====== Input data

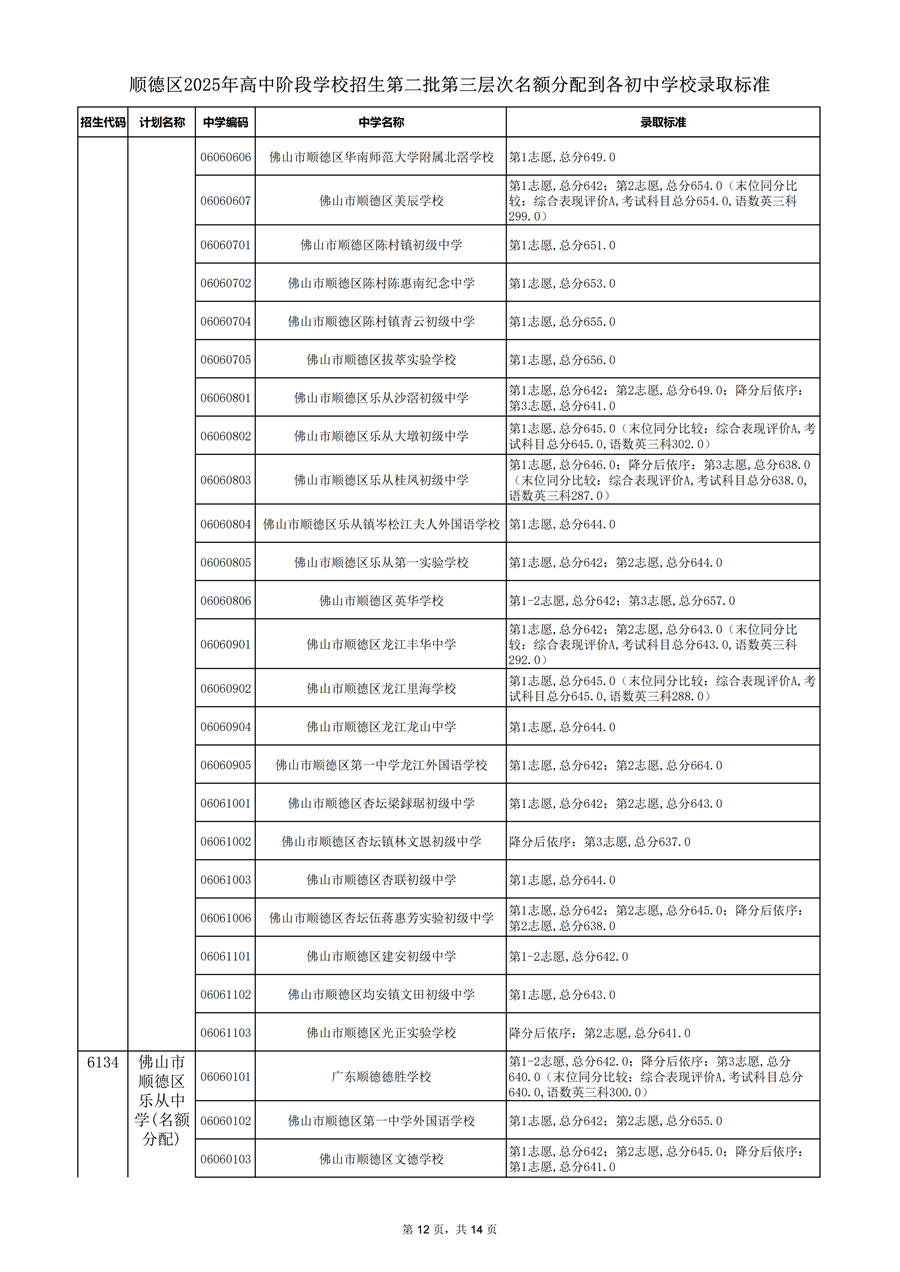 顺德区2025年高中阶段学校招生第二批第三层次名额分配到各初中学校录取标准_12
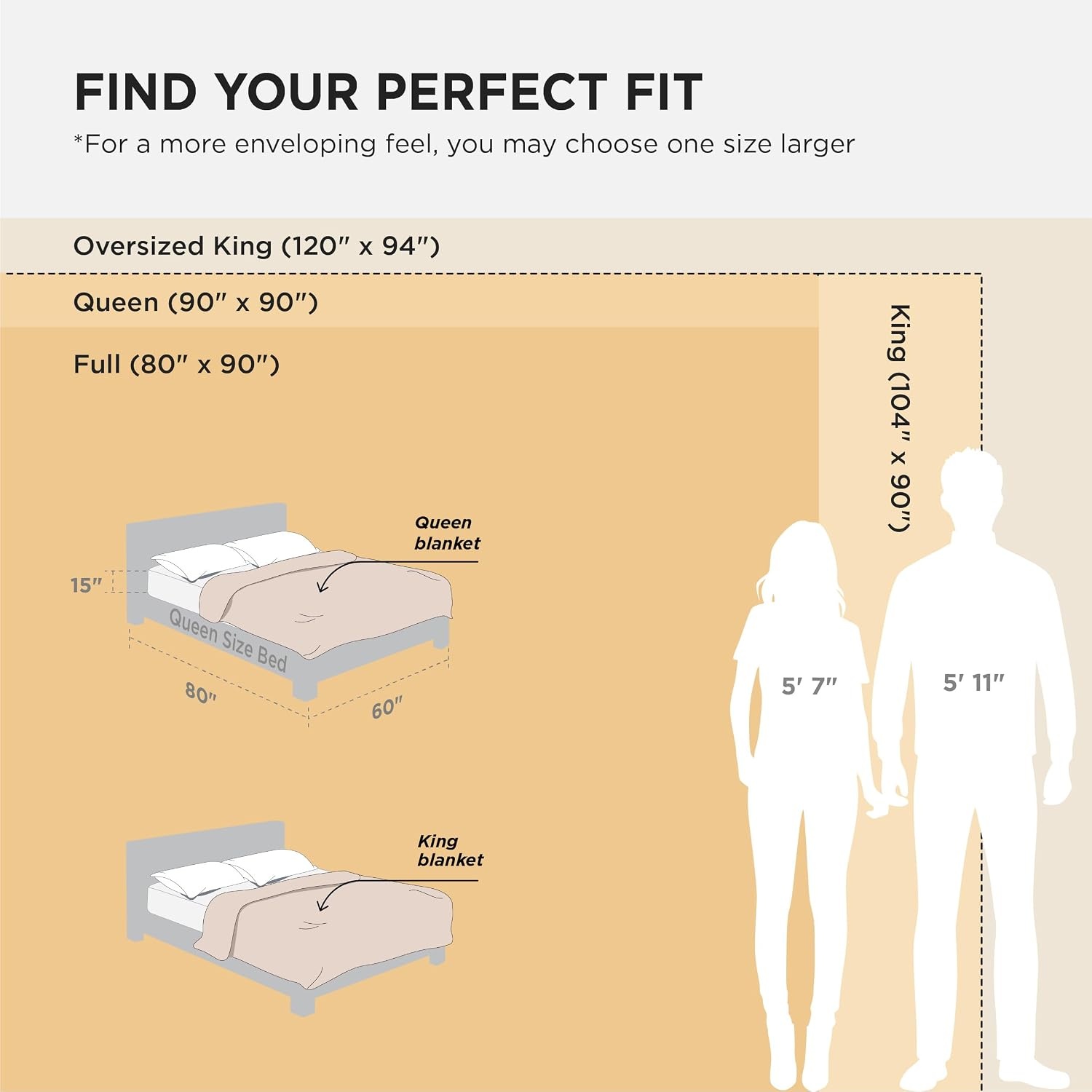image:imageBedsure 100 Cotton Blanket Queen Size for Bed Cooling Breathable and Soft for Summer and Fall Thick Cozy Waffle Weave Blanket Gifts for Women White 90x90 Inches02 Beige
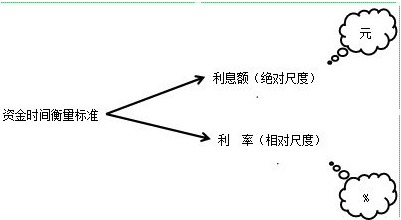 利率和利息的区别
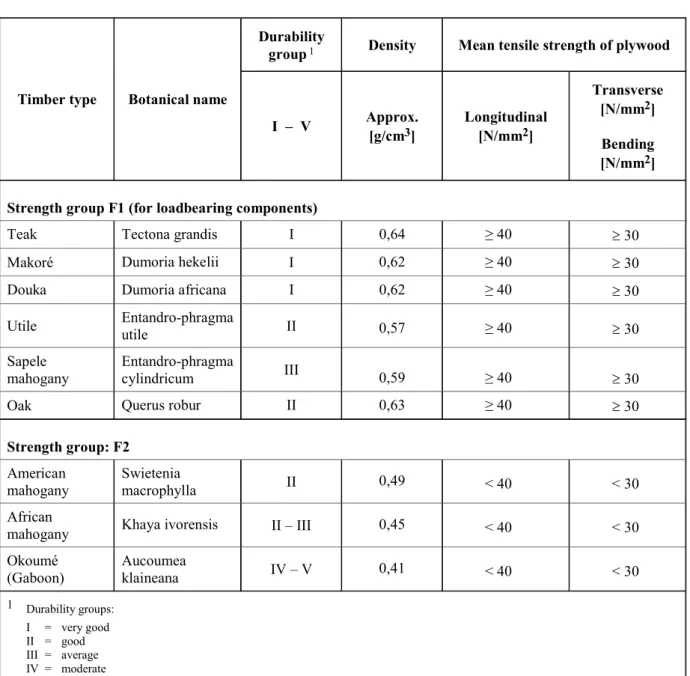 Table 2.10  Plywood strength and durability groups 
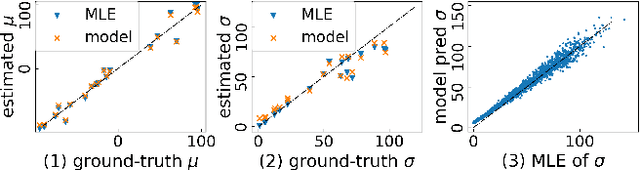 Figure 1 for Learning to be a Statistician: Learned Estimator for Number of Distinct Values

============

• **Task statement**
The expected output is the exact run of lines from the one containing "and durability groups" through the final line of the data above, both ends included, with no pictures.

• **Reply to the task**
 Table 2.10  Plywood strength and durability groups 
 Figure 1 for Learning to be a Statistician: Learned Estimator for Number of Distinct Values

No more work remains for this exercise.